*COLLECTED MATERIAL:*
--- START ---

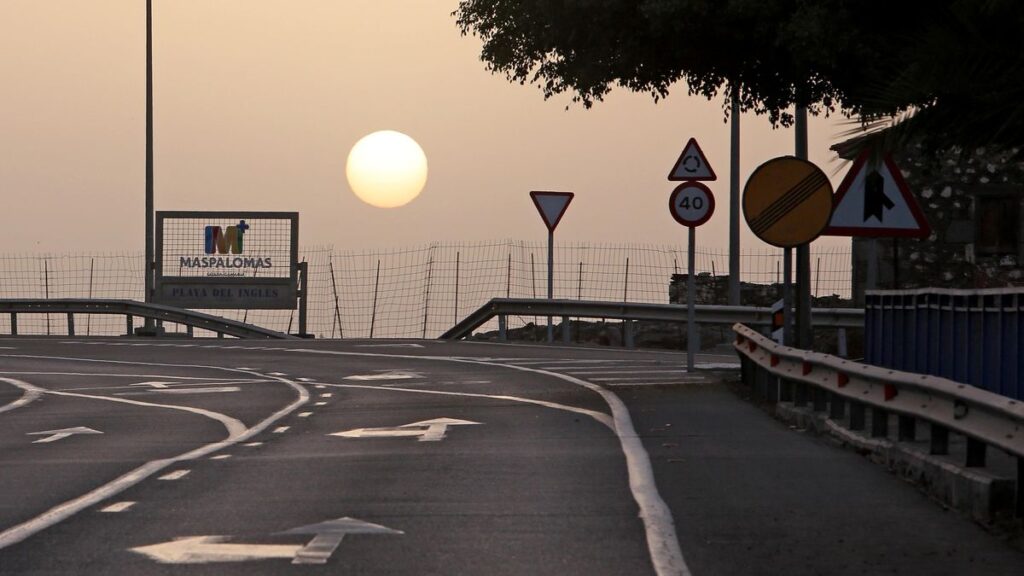 La calima persiste en Canarias este jueves, pero las temperaturas bajan ligeramente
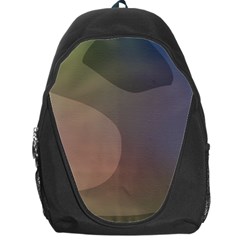 The Land 181 - Abstract Art Backpack Bag by KorokStudios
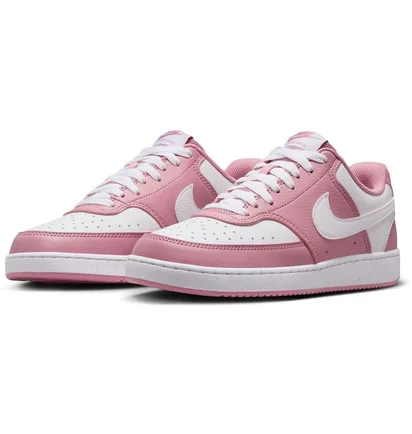 Кросівки жіночі Nike Court Vision Low Next Nature WomenS Shoes Pink DH3158-603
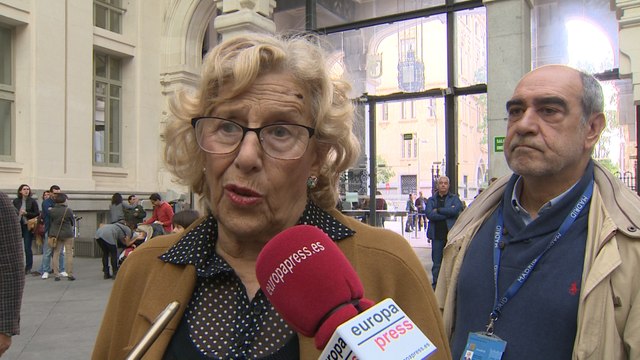 Carmena ofrece los pastos de la Casa de Campo: “Van a venir 600 ovejas”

--- END ---

*WHAT THE TASK REQUIRES:* Restate word for word each line from the one containing "Кросівки жіночі Nike" through the end of the material, pictures excluded.

*EXERCISE RESULT:*
 Кросівки жіночі Nike Court Vision Low Next Nature WomenS Shoes Pink DH3158-603
 Carmena ofrece los pastos de la Casa de Campo: “Van a venir 600 ovejas”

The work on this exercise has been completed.